__Exercise brief__
Output the lines of the listing below exactly, starting at the line containing "une cuisine avec" and stopping after the last line, with any pictures dropped.

__Stored data__

---

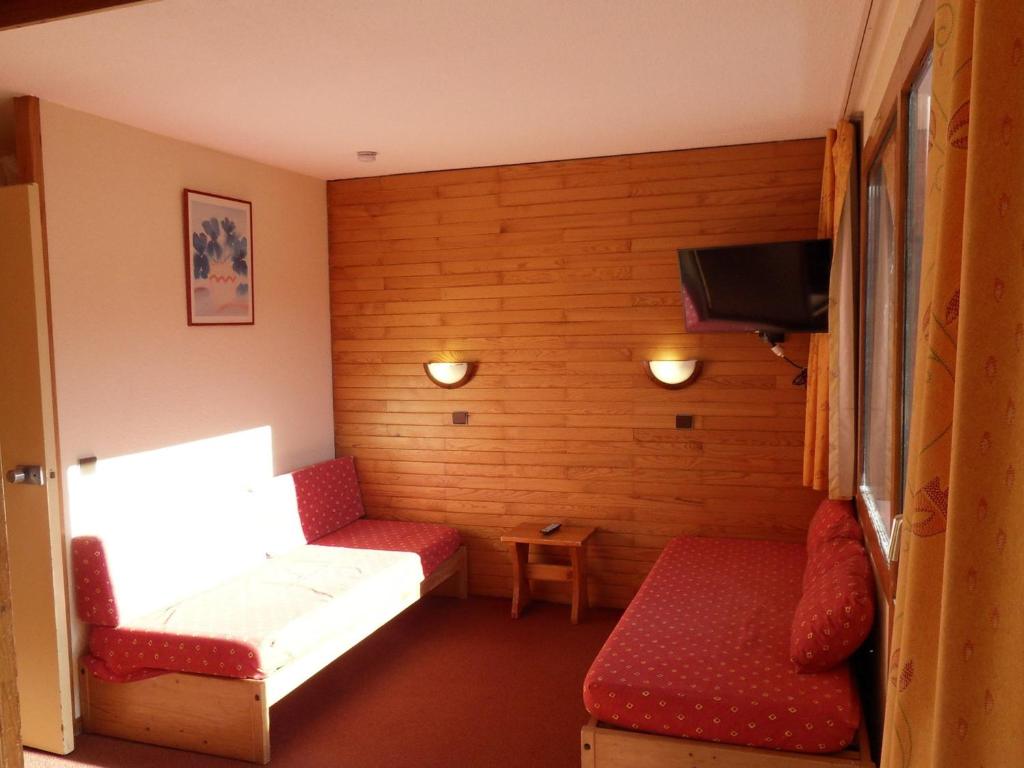 une petite chambre avec deux canapés et une télévision dans l'établissement Studio divisible 4 pers, centre station, balcon sud, proche pistes, animaux admis - FR-1-181-2699, à La Plagne Tarentaise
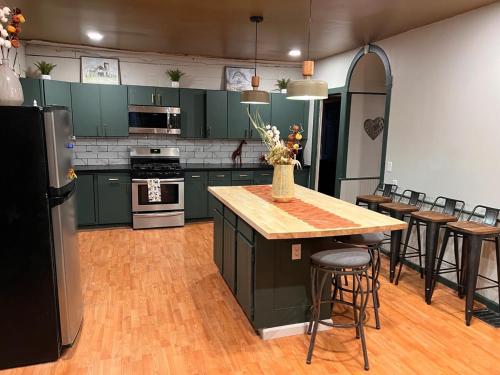 une cuisine avec des armoires vertes et une table et des chaises dans l'établissement Naples Wine Country 5BR Hot Tub Close to Bristol Mountain Skiing, à Naples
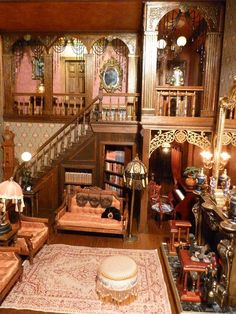 a living room filled with furniture next to a staircase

---

__Solution to the exercise__
 une cuisine avec des armoires vertes et une table et des chaises dans l'établissement Naples Wine Country 5BR Hot Tub Close to Bristol Mountain Skiing, à Naples
 a living room filled with furniture next to a staircase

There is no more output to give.